(Given material):

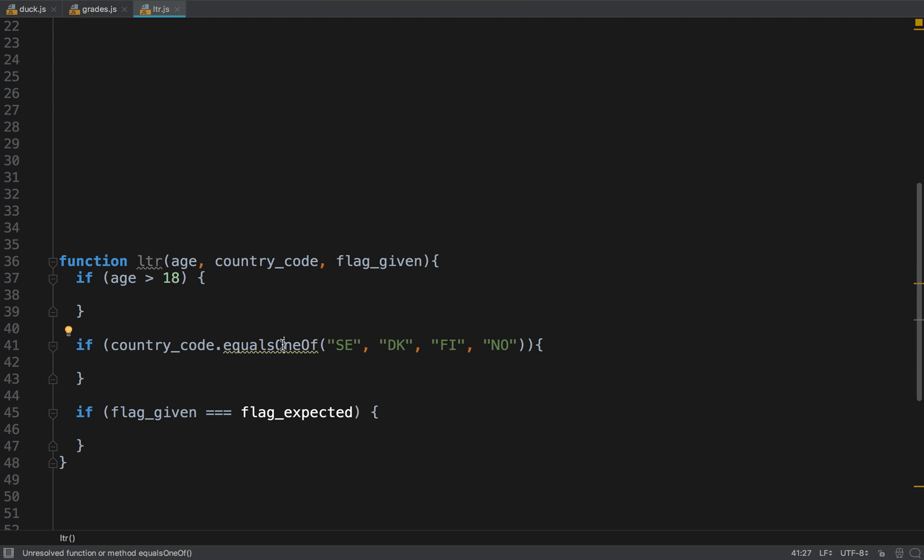Another thing to note is, well there's no real method equals one of, but many times it's important to extract your conditionals to methods. Here it could be is Scandinavian country code for an example. It could be, you can extract the method like so. But the general point here in this part of the video was just to say left to right is better than right to left, and this happens sometimes in conditionals where people write them right to left. So pay attention to that.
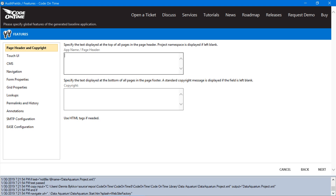If we wanted to, we could add business rules, configure field accessibility, and make other changes to our application to make these fields controlled and act as desired. Instead, I'll take the easy approach by using the ease configuration.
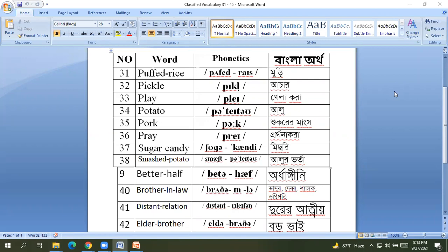32 pickle acid, 33 play khalakora, 34 potato aloo, 35 pork.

(Instructions for the task): Print the lines from the line containing "If we wanted" through the last line of the listing, exactly as they stand, and leave any pictures out.

(The completed task):
If we wanted to, we could add business rules, configure field accessibility, and make other changes to our application to make these fields controlled and act as desired. Instead, I'll take the easy approach by using the ease configuration.
32 pickle acid, 33 play khalakora, 34 potato aloo, 35 pork.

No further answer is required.